PCR hash values and access to the TPM
If PCR hash values change, access to the TPM module may be denied.
- On SNS versions 4.3.37 LTSB and higher versions of 4.3 LTSB (with the former sealing policy including PCR 4): access to the TPM is denied if at least one of the values among PCR 0 to 7 changes.
- On SNS in 4.8.7 and higher versions (with the new sealing policy excluding PCR 4): access to the TPM will be denied if at least one of the values among PCR 0 to 3 or 5 to 7 changes.
If access to the TPM module is denied, the symmetric key can no longer be recovered, and protected private keys can no longer be decrypted without entering the TPM password.
To restore access to the TPM, ensure in advance that the change is legitimate. You must then reseal the TPM to update the value of PCR hashes. This procedure is described in the Sealing the TPM section.
IMPORTANT
If access to the TPM is denied, SNS firewall features that use certificates with protected private keys (VPN, those managed by an SMC server, etc.) will no longer function until access to the TPM is restored. Such blockages may occur, usually after an SNS firewall has been updated. This scenario is described in the section Appendix: points to note when updating SNS firewalls on which the TPM has been initialized.
Cases requiring the TPM to be resealed
The following cases require the TPM to be resealed:
- Secure Boot has been enabled or disabled on the SNS firewall.

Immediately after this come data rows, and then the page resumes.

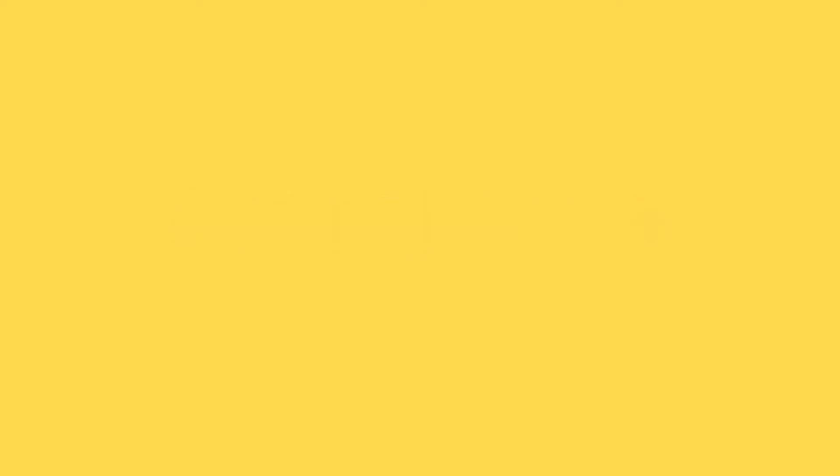This next activity is all about making music, and you don't need expensive musical instruments. Children love just playing with whatever you've got at hand around them. I've basically raided my kitchen cupboards here.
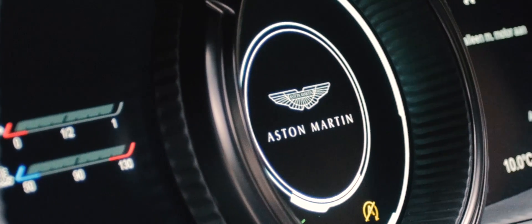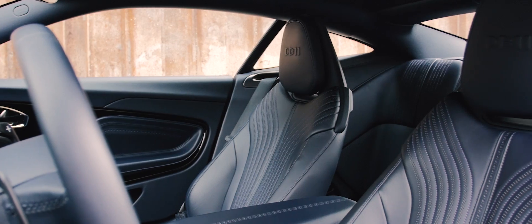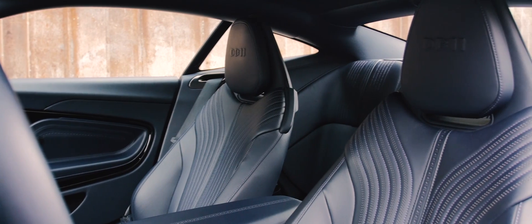De DB11 is het lang verwachte model van Aston Martin. Op de V8 Vantage is inmiddels iedereen uitgekeken en ook de Vanquish dateert al van 2012. Gelukkig werd daar vorig jaar wel de gelimiteerde Zagato aan toegevoegd.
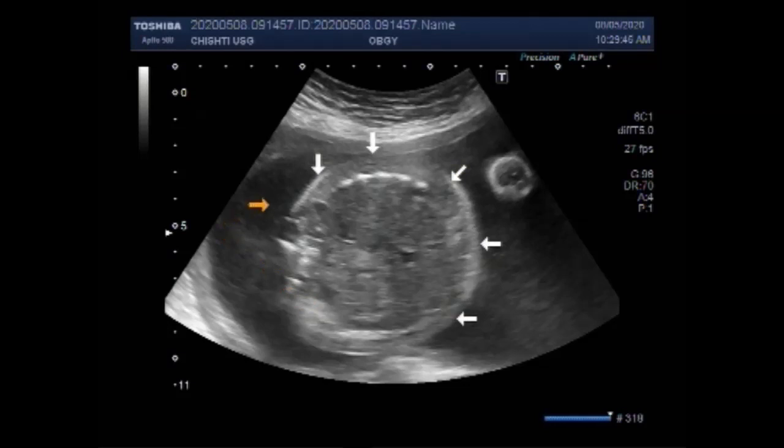Hydrops fetalis is a condition in the fetus characterized by an accumulation of fluid or edema in at least two fetal compartments. By comparison, hydrops allantois or hydrops amnion is an accumulation of excessive fluid in the allantoic or amniotic space respectively.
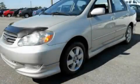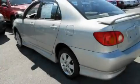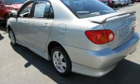This is a 2004 Toyota Corolla. It features a 1.8-liter four-cylinder engine and an automatic transmission.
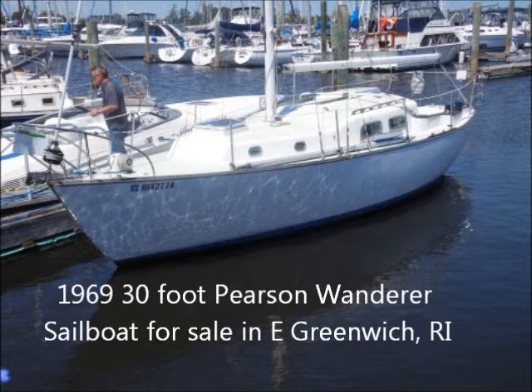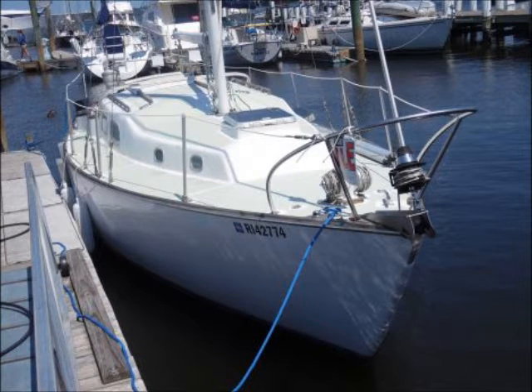The boat has a Raymarine auto helm, wind indicator, depth finder, provision for two or more batteries, a brand new Bosch starting battery, and a 10-gallon diesel fuel tank with water separator filter.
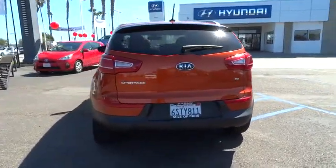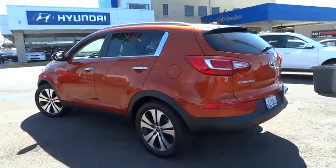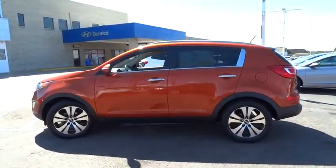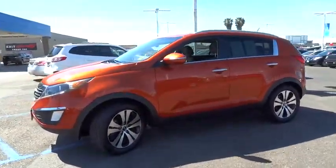Bluetooth, four-wheel ABS, ventilated front disc brakes, tire pressure monitoring system, leather shift knob. This beauty is sure to make you the talk of the neighborhood, so call or drop in for a test drive today.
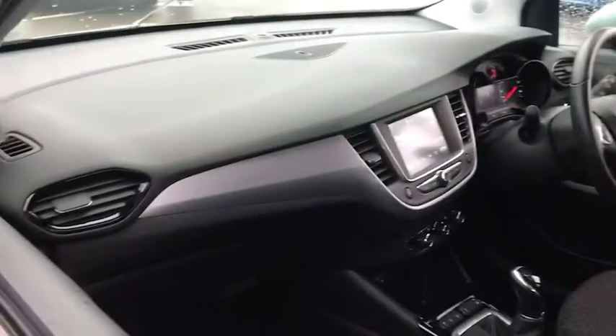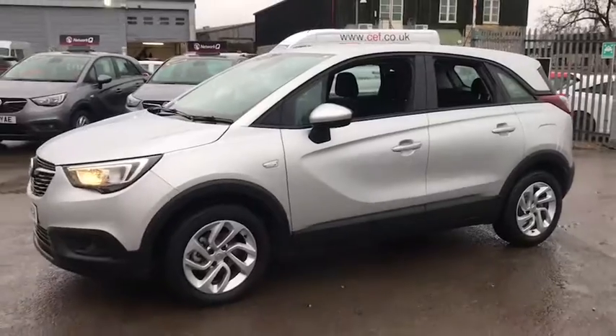If you would like any more information or would like to book a test drive, then please contact us on 01285 653 314.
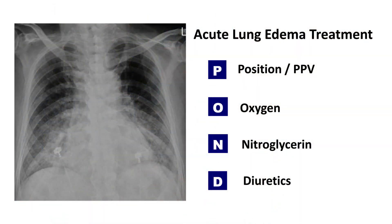Treatment of acute lung edema: the POND mnemonic. Acute lung edema is a condition where fluid accumulates in the lungs, making it difficult to breathe. The POND mnemonic is a useful tool for remembering the key treatments for acute lung edema.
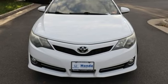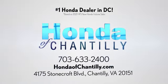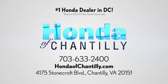There's even more to see in person. Take it for a test drive today. Honda of Chantilly — we're conveniently located just south of Dulles Airport at 4175 Stonecroft Boulevard in Chantilly.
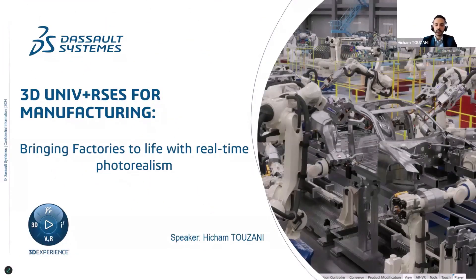I'm Hicham Touzani, robotic expert at Dassault Systèmes, and today I'm really glad to show you how we can bring factories to life with real-time photorealism and how it can be applied in your industrial needs.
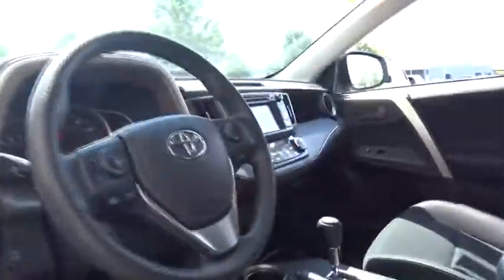If affordable style and reliability are what you're looking for, this vehicle couldn't be more perfect. Drive it today.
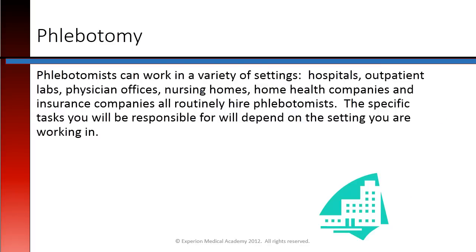Phlebotomists can work in a variety of settings. Hospitals, outpatient labs, physician's offices, nursing homes, home health companies, and insurance companies all routinely hire phlebotomists. The specific tasks you will be responsible for will depend on the setting you are working in.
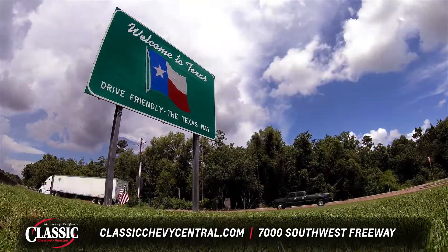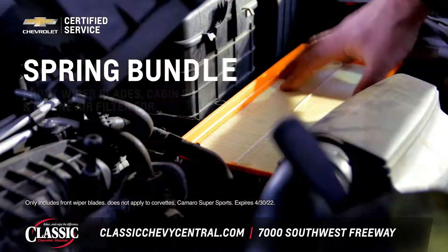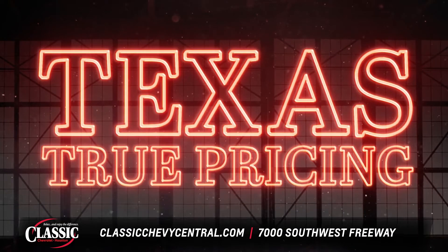Hit the road this spring with these service specials: front wiper blades, cabin air filter, and engine air filter for only $130. Yes, all three — only $130. Maximum savings, maximum value. That's Texas True Pricing.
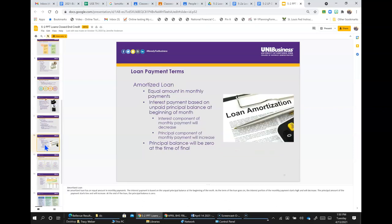An amortized loan has equal monthly payments. The interest payment is based on the unpaid principal balance at the beginning of the month. As the term of the loan goes on, the interest portion of the monthly payments starts high and will decrease, while the principal amount of the payment starts low and will increase. At the end of the loan, the principal balance is zero.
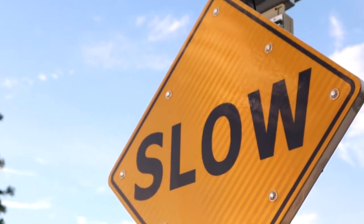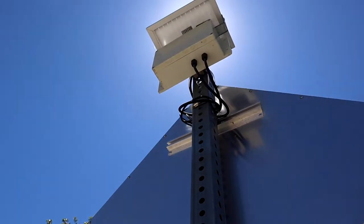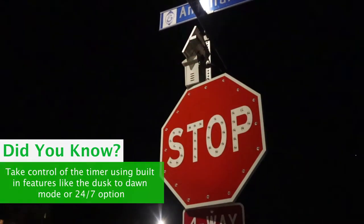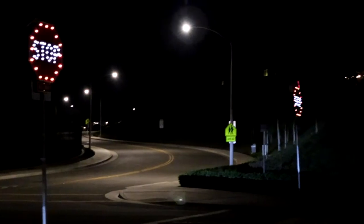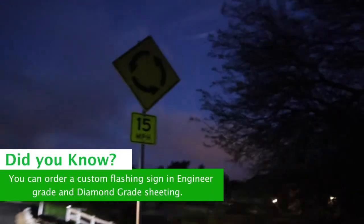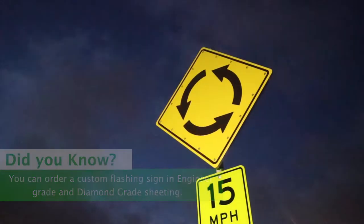LED Lighting Solutions Solar-Powered Flashing LED Signs offers a cost-effective and environmentally friendly way to increase safety at any intersection. The bright blinking lights intensify and augment visibility at all times, both day and night, and under all weather conditions.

- The SNS firewall boot partition has been changed. Do note, however, that if the partition was selected in console mode during the interactive selection when the SNS firewall was started up, the TPM needs to be resealed after a second reboot.
- A USB device was plugged in or unplugged from the SNS firewall, meaning that a change has been made to the table of partitions that are available when the SNS firewall starts up.
- The TPM sealing policy was modified after a version update. When such a change occurs, it is announced in the SNS Version release notes.
NOTE
While this list is not exhaustive, it covers the most frequently encountered cases that require the TPM to be resealed. Other cases may also require the TPM to be resealed, such as certain hardware module changes, or modifications to certain BIOS options.